→ Requirement
What are the lines from the one with "91家纺网 家纺一手货源 找家纺" through the end of the records below, written out exactly and without the pictures?

[Excerpts from a dataset]
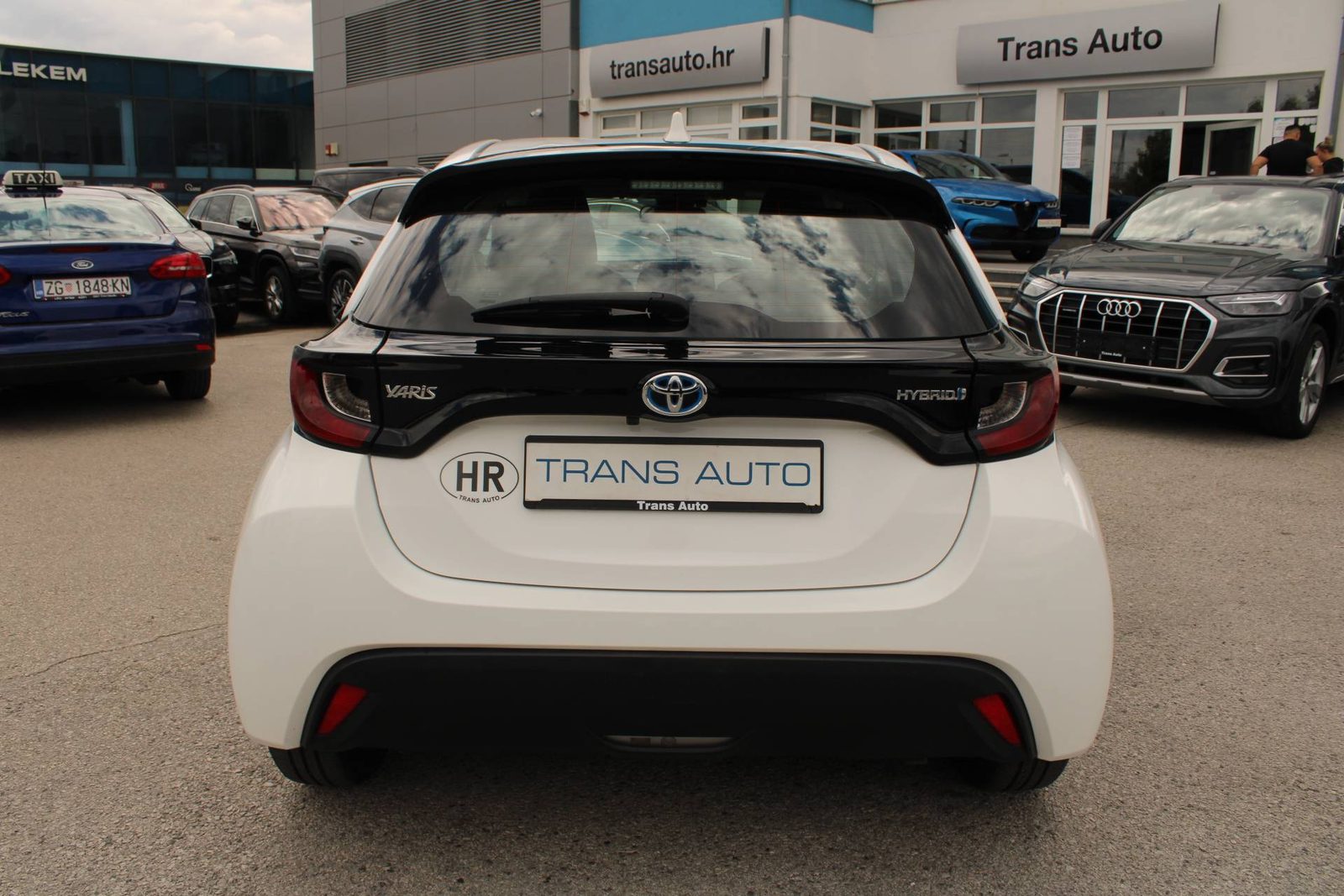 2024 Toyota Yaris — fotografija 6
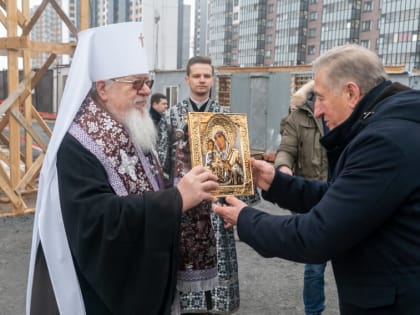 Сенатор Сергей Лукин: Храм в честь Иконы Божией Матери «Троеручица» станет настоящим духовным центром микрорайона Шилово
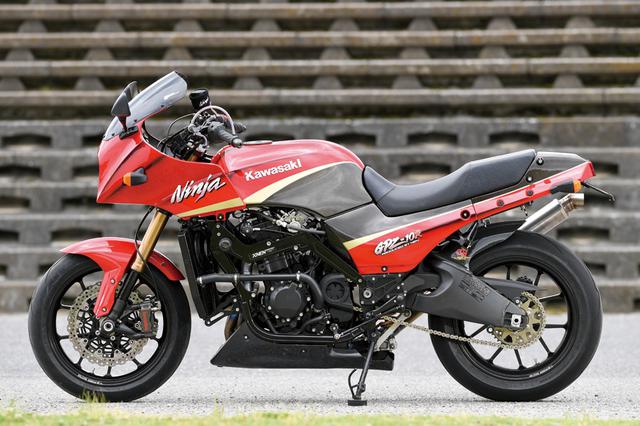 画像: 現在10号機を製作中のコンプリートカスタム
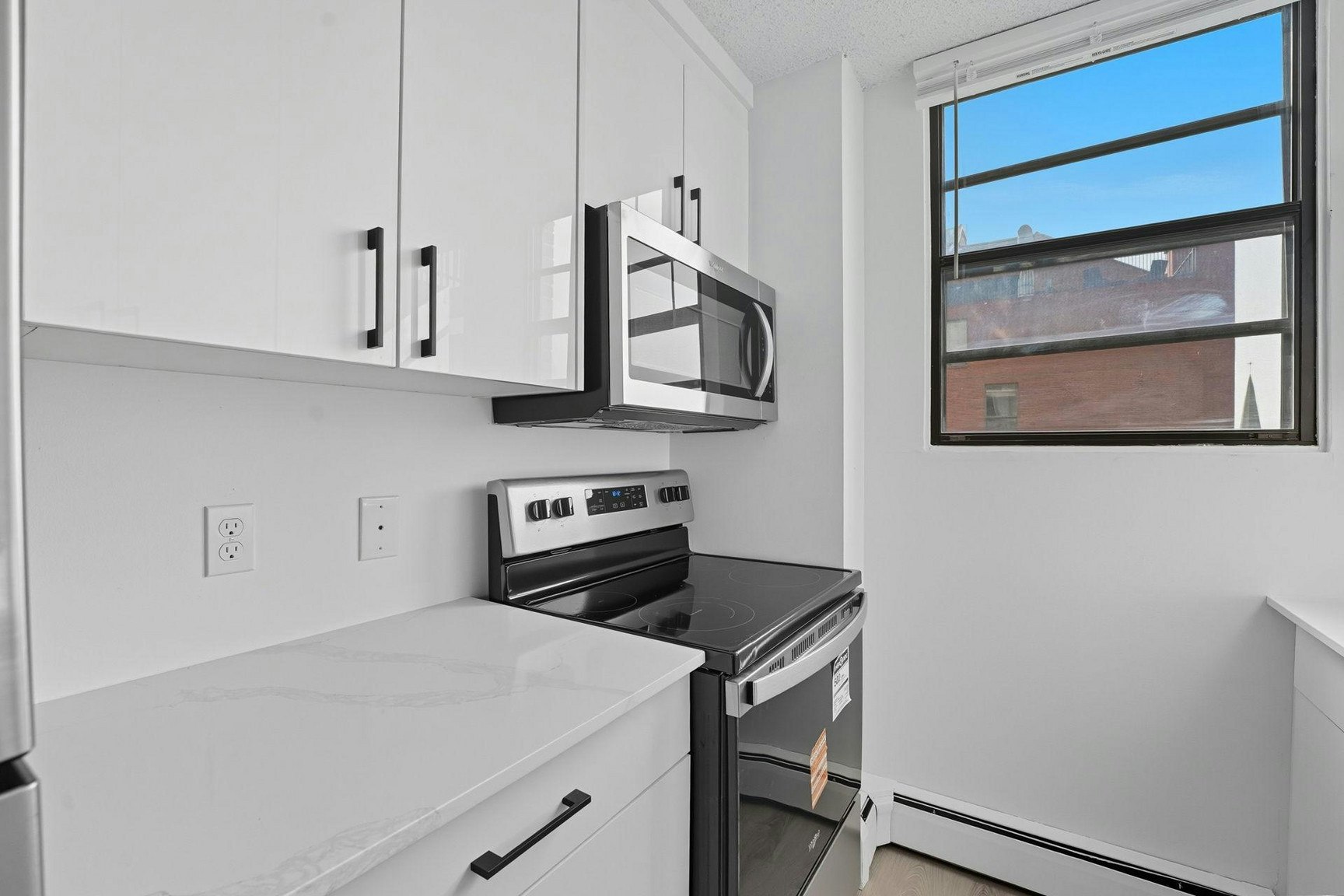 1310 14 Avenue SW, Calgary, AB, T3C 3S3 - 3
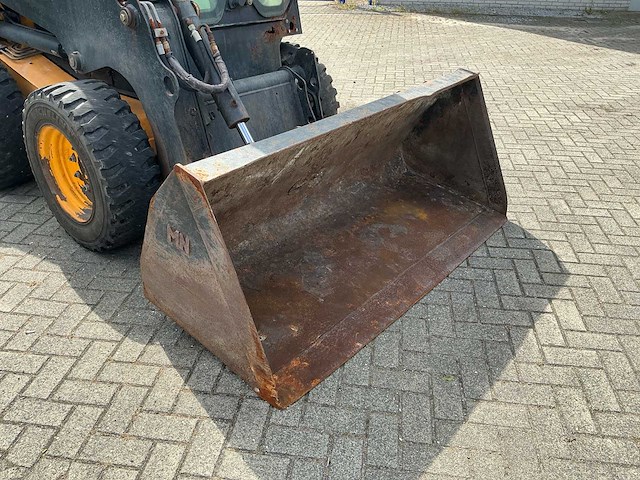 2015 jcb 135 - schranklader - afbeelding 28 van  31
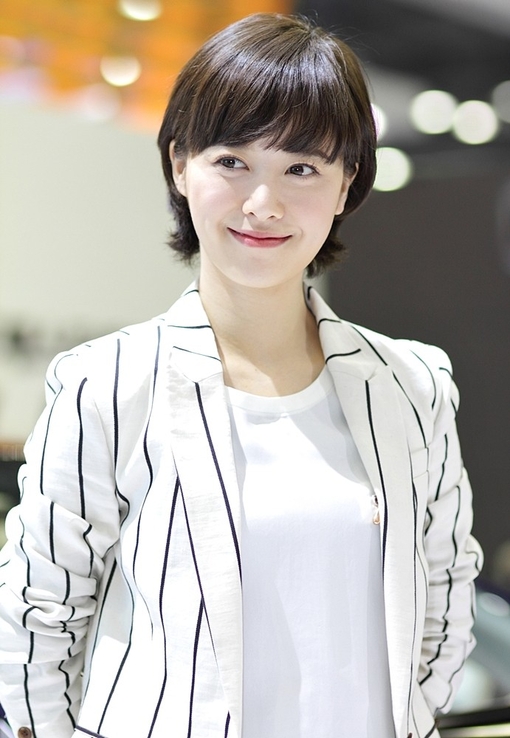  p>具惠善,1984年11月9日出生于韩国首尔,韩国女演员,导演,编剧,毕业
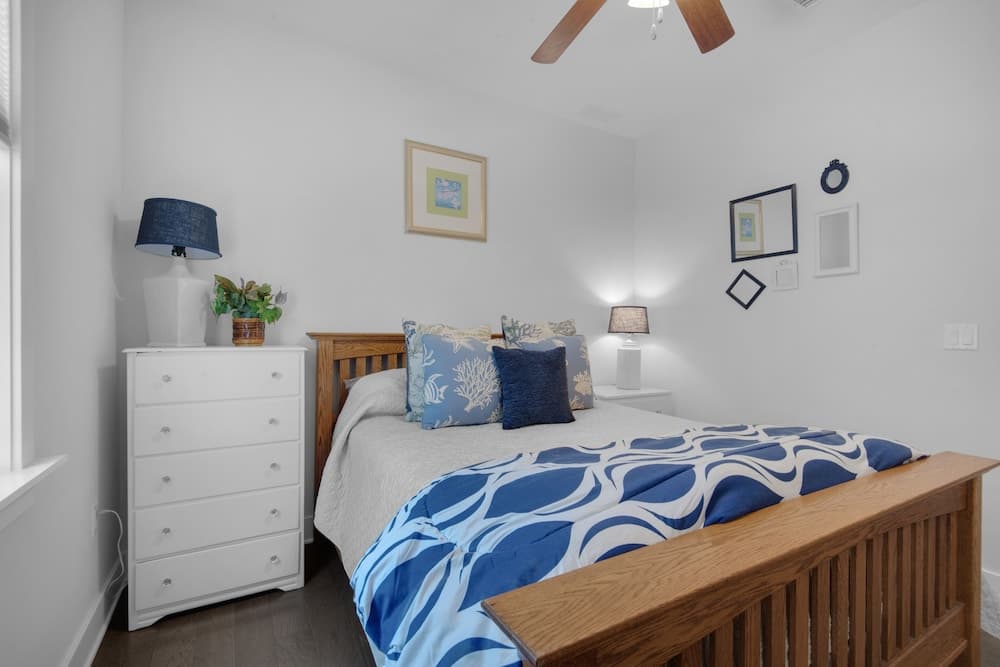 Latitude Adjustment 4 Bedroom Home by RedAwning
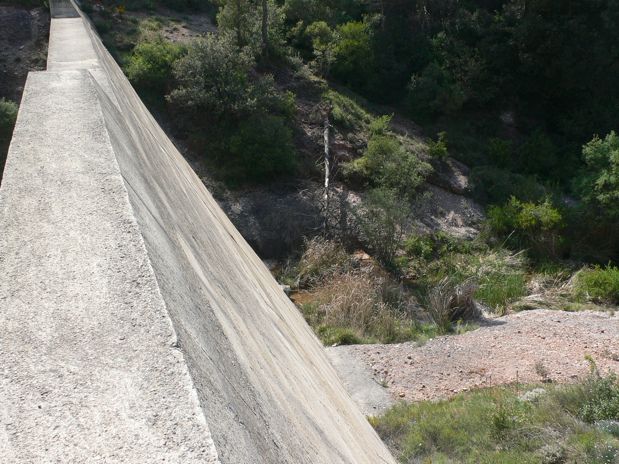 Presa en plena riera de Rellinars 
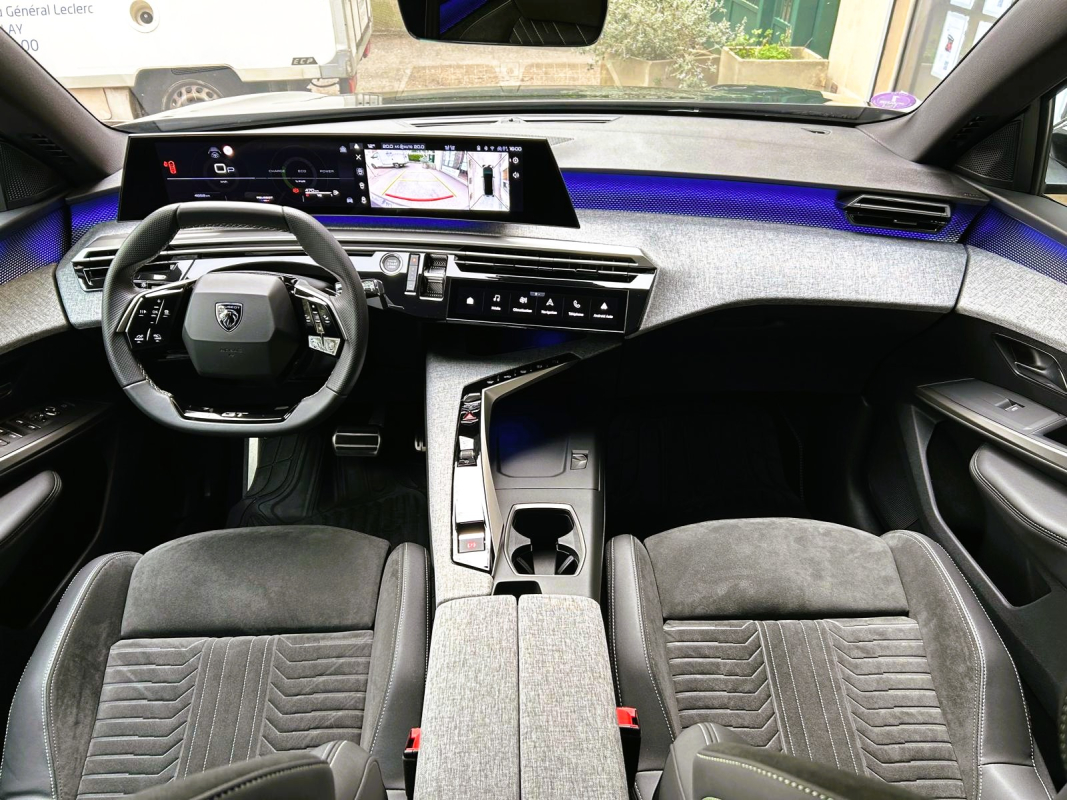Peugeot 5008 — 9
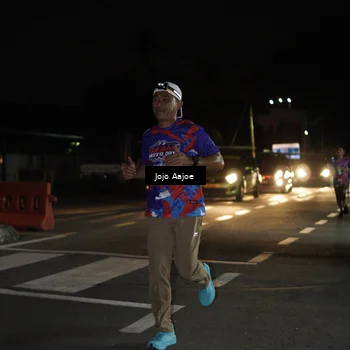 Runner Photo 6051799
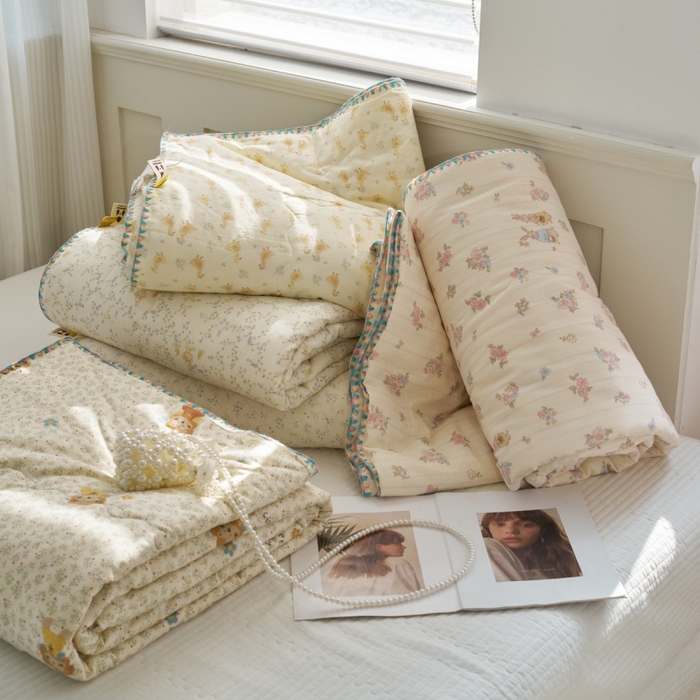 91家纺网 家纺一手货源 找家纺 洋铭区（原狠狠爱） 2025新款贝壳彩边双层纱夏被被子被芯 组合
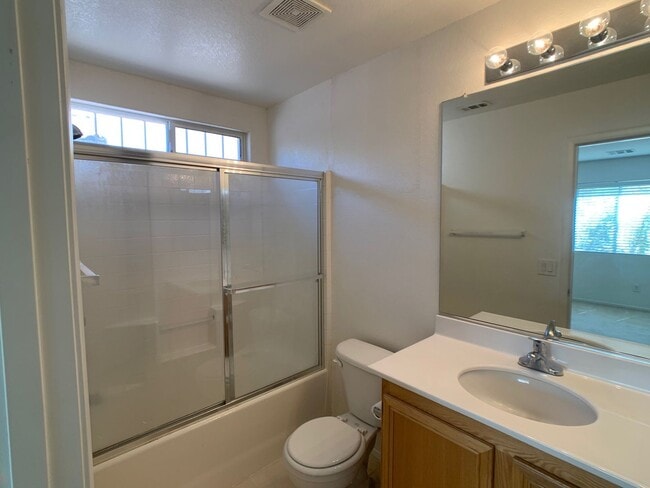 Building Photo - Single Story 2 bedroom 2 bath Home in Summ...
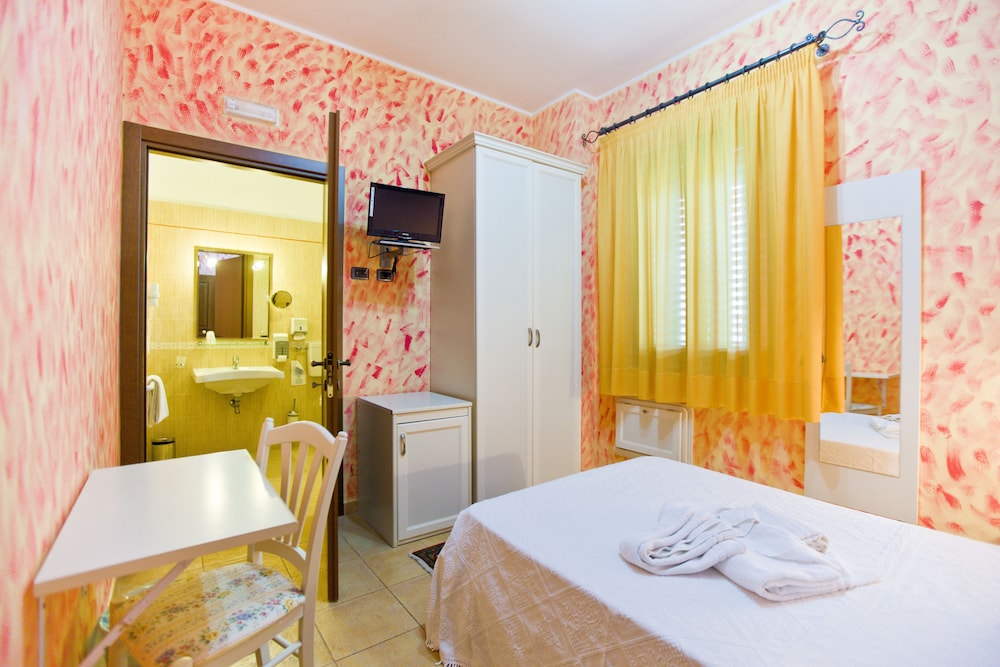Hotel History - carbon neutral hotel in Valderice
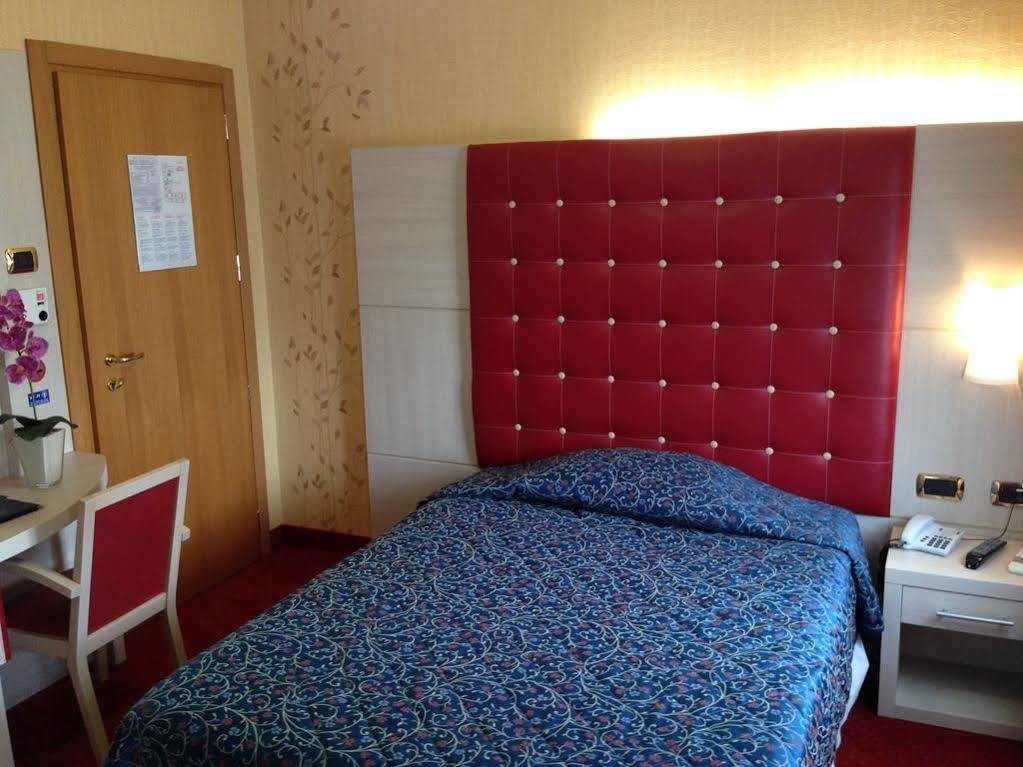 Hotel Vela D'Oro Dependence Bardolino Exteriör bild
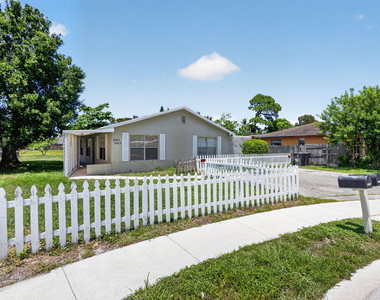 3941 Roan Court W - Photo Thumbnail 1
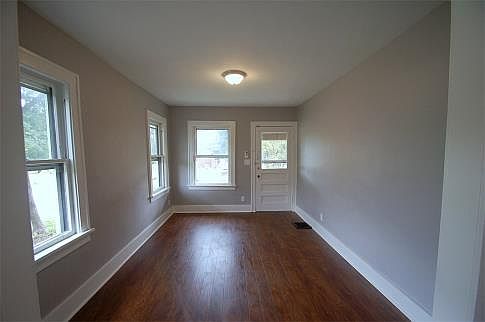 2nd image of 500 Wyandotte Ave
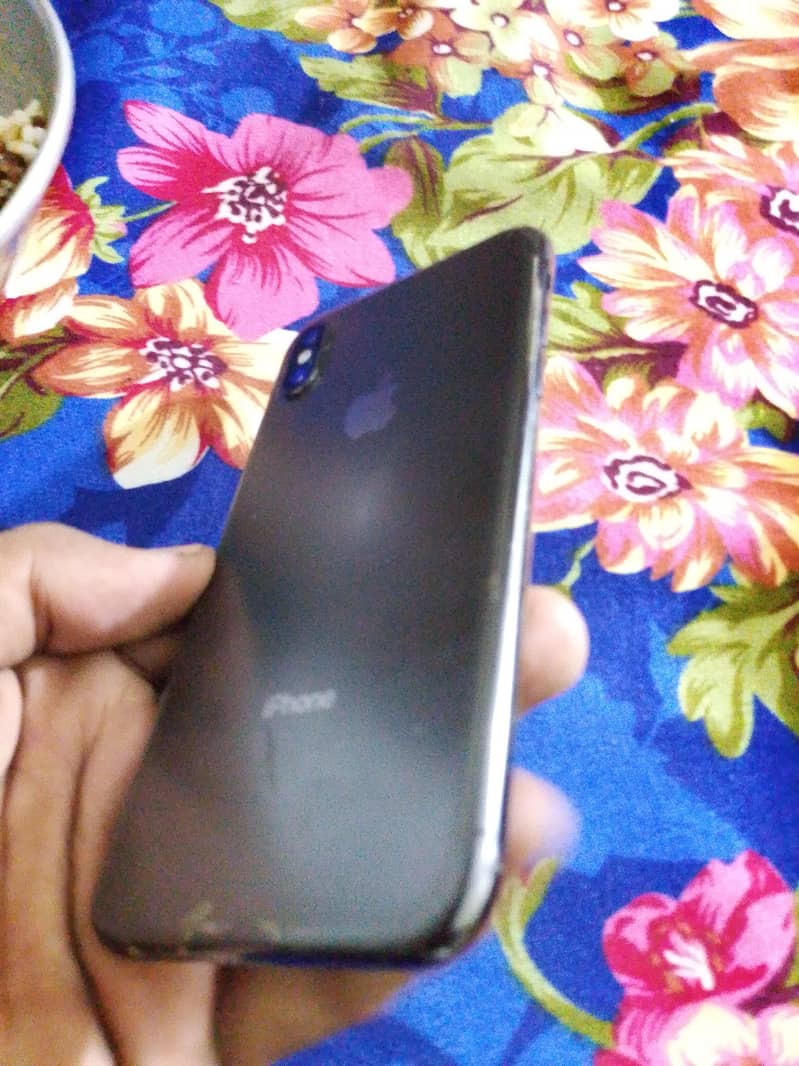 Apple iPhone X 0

→ Reply to the exercise
 91家纺网 家纺一手货源 找家纺 洋铭区（原狠狠爱） 2025新款贝壳彩边双层纱夏被被子被芯 组合
 Building Photo - Single Story 2 bedroom 2 bath Home in Summ...
Hotel History - carbon neutral hotel in Valderice
 Hotel Vela D'Oro Dependence Bardolino Exteriör bild
 3941 Roan Court W - Photo Thumbnail 1
 2nd image of 500 Wyandotte Ave
 Apple iPhone X 0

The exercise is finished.